When Audi launched the Q8 coupé-SUV in 2018, then-CEO Robert Stadler hinted to Autocar that a larger model - likely called the Q9 - was on the cards. “The customers will tell us what they want in the future,” he said. “Time will tell.” It appears the company has now gauged sufficient demand for such a model and is preparing it for an imminent unveiling.
Spotted winter testing in production-ready guise, the Q9 is wearing a camouflage wrap that Audi traditionally uses for China-specific models, suggesting that it could be geared specifically towards that market. Autocar understands there are no immediate plans to offer the model in the UK, but further details could be made public at the Shanghai motor show next month.
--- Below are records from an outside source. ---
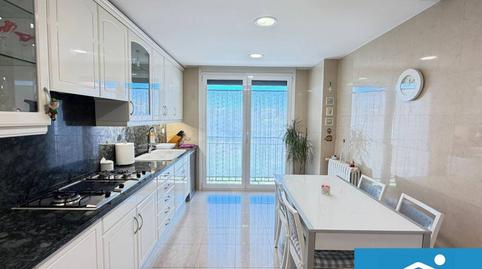 Foto 5 de Dúplex en venda a Rambla Lluis Companys, Mas Duran, Sant Quirze del Vallès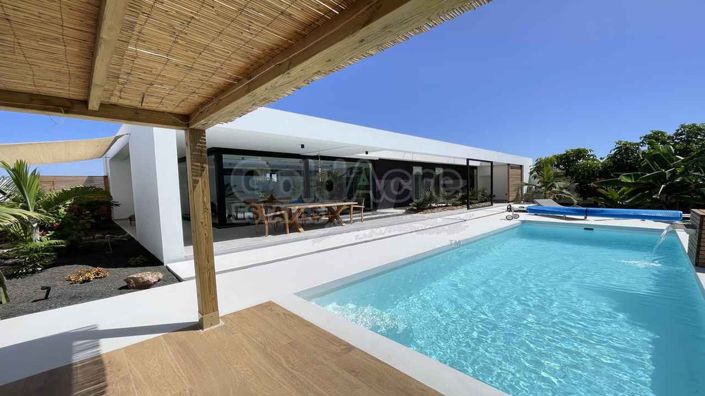 Image No.16-3 Bed Villa for sale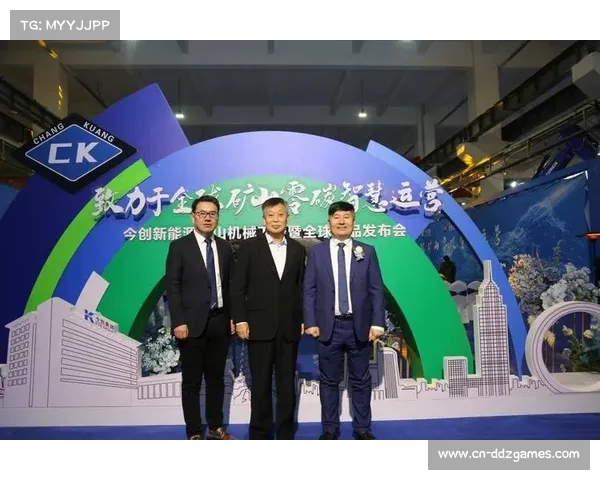 王俊杰表示将持续奋斗为祖国发展贡献力量致力于实现个人与国家共成长 王俊杰表示将持续奋斗为祖国发展贡献力量致力于实现个人与国家共成长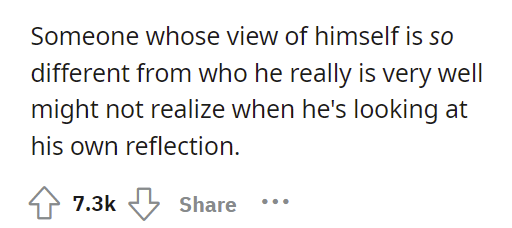 (2)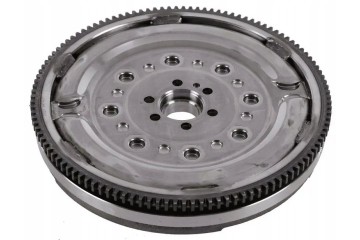 FLYWHEEL 2294 002 198 SACHS AUDI A4 A6 B6 B7 Packaging status original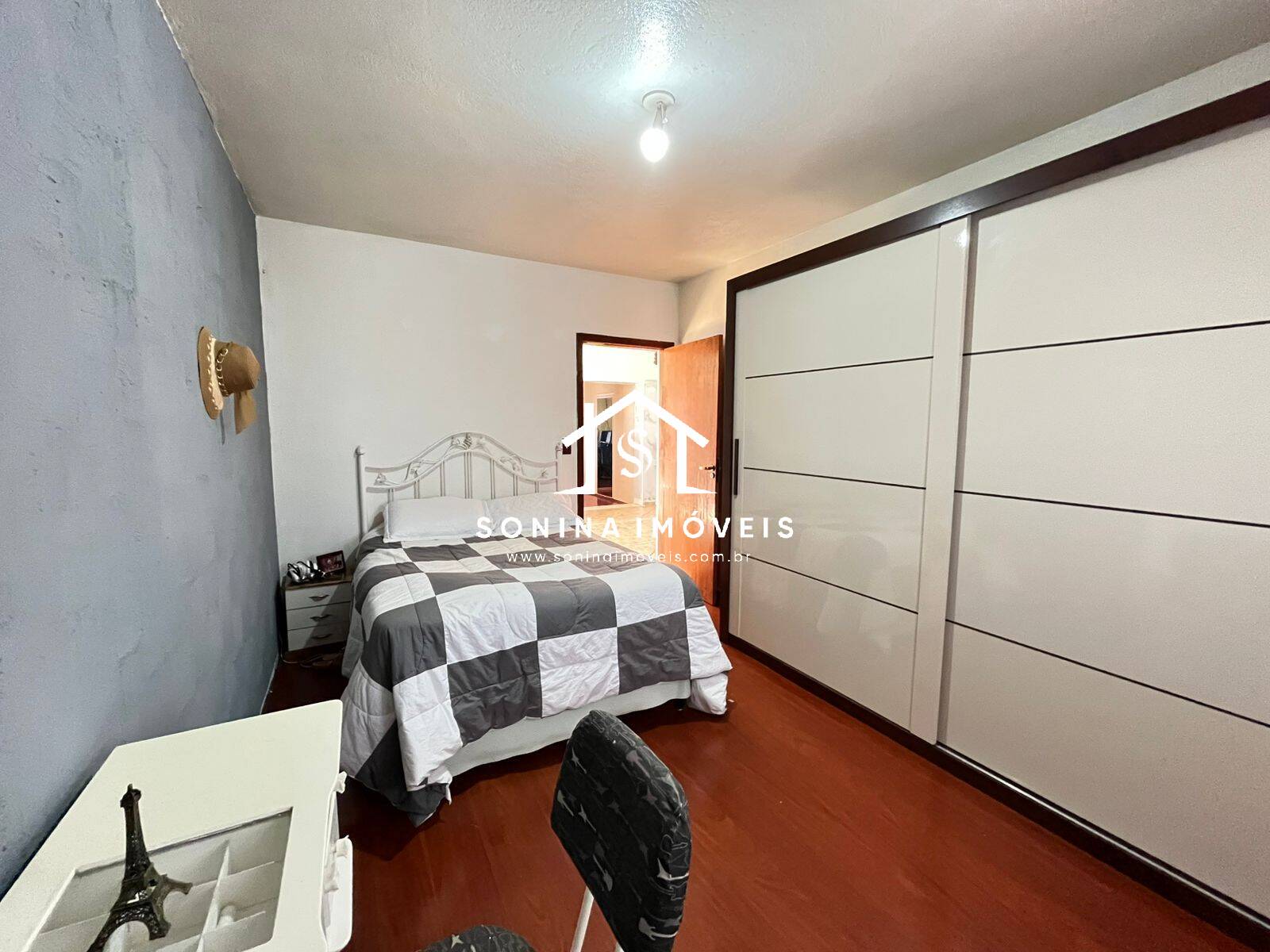 Casa à venda com 3 quartos, 280m² - Foto 27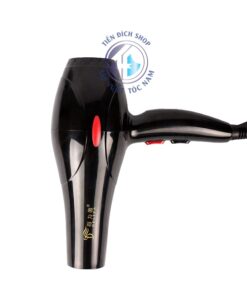 máy sấy tóc deliya giá rẻ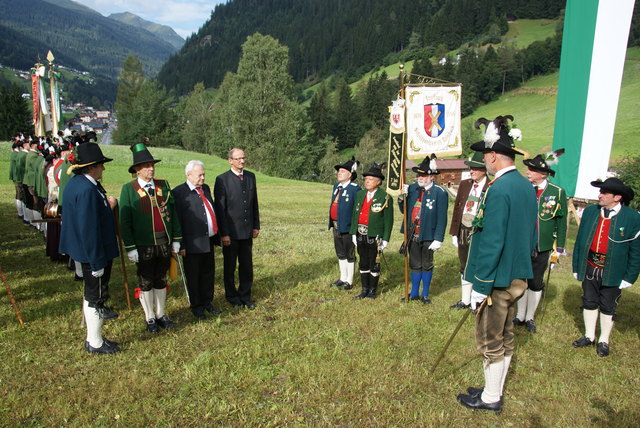 Foto: Othmar Kolp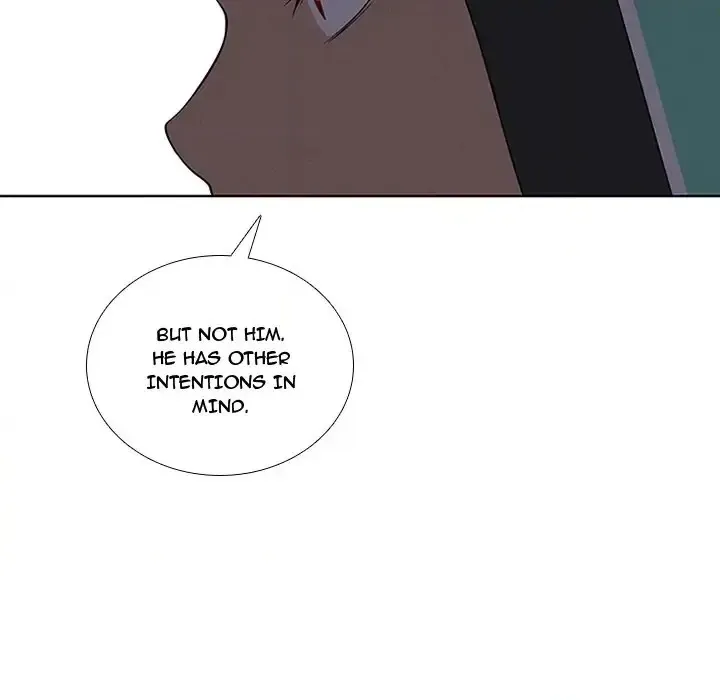Kidultic Showtime Chapter 59 page 30 -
The car will be positioned as a Range Rover rival in the sub-£120k price bracket, rather than as a top-rung luxury offering priced to compete with its Bentley Bentayga relative. To that end, while a six-seat, three-row layout will potentially be offered, the Q9 looks to allow for seven seats as standard, given its lengthy rear window and upright tailgate.
Otherwise, the Q9 will almost certainly follow the slightly smaller Q8 in its interior design, with the firm's latest MMI infotainment software, predominantly touch-sensitive controls and upholstered in a choice of premium materials.
The exterior styling, too, looks to take cues from existing Audi models, despite the heavy camouflage. The front end is dominated by an expansive version of Audi's Singleframe grille, which will house a sizeable lidar sensor, and the rear end design looks to be modelled on that of the Q7, with a subtle spoiler over the rear screen, slim brake-lights and a chunky lower bumper.
At the side, however, the Q9 bears more of a resemblance to the Volkswagen Atlas (the largest model to use the Volkswagen Group's MLB SUV platform), due to its lengthy wheelbase, short overhangs and chunky black protective wheel arch trim.
Sharing its underpinnings with the Atlas would mean the Q9 would be available with a choice of two petrol engines: a 238bhp turbocharged 2.0-litre four-cylinder and a 3.6-litre VR6 with 280bhp.
Volkswagen previously considered bringing the Atlas to Europe but conceded that it would likely need a diesel option to succeed in the market. A plug-in hybrid powertrain, as offered by all Audi SUVs apart from the compact Q2, would also make sense.